Records excerpted from a collection

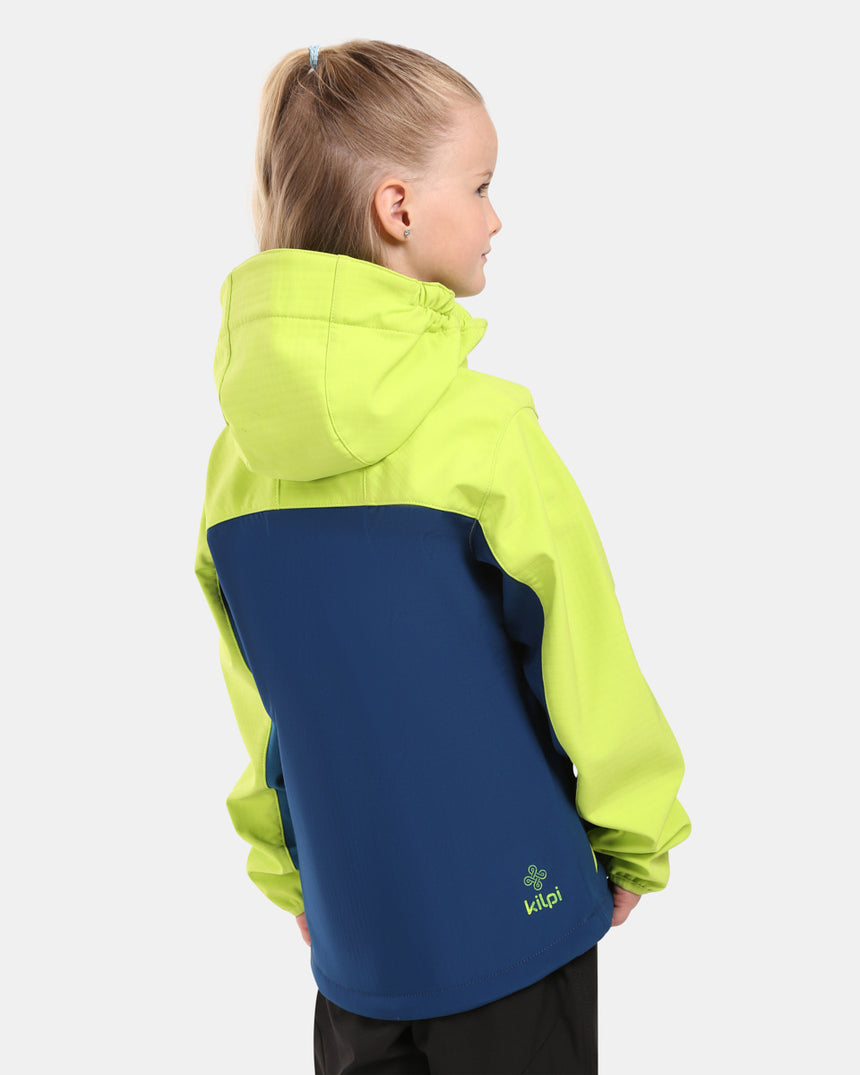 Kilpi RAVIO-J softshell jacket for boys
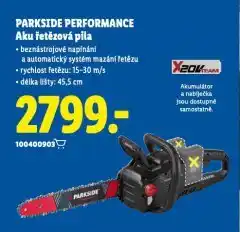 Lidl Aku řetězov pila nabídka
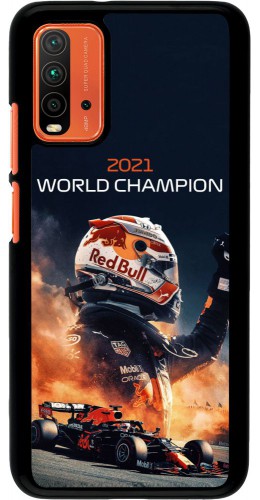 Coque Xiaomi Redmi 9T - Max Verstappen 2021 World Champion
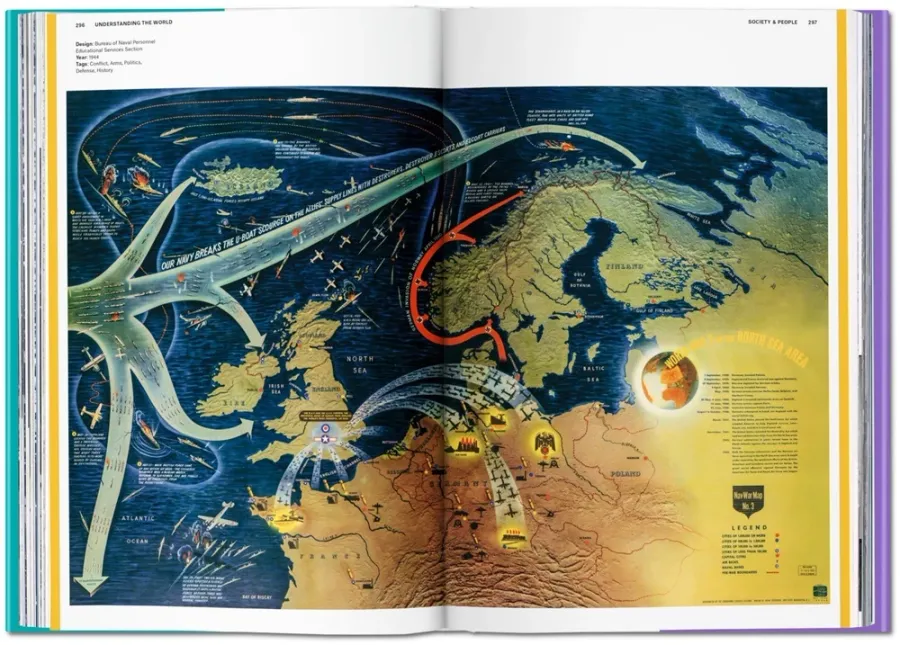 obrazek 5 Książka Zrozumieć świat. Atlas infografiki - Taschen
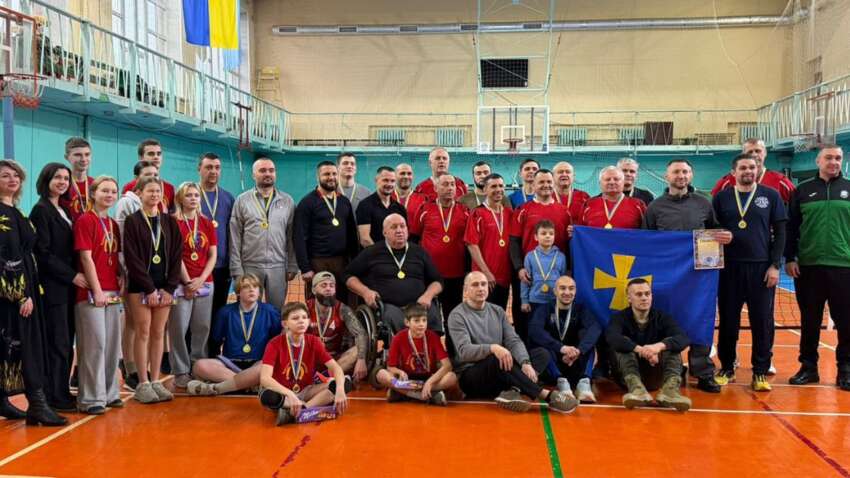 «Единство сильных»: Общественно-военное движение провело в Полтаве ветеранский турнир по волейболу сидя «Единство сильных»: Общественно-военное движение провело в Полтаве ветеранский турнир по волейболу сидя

The task: Each record above goes into the copy unchanged; the pictures do not.

Solution to this problem:
 Kilpi RAVIO-J softshell jacket for boys
 Lidl Aku řetězov pila nabídka
 Coque Xiaomi Redmi 9T - Max Verstappen 2021 World Champion
 obrazek 5 Książka Zrozumieć świat. Atlas infografiki - Taschen
 «Единство сильных»: Общественно-военное движение провело в Полтаве ветеранский турнир по волейболу сидя «Единство сильных»: Общественно-военное движение провело в Полтаве ветеранский турнир по волейболу сидя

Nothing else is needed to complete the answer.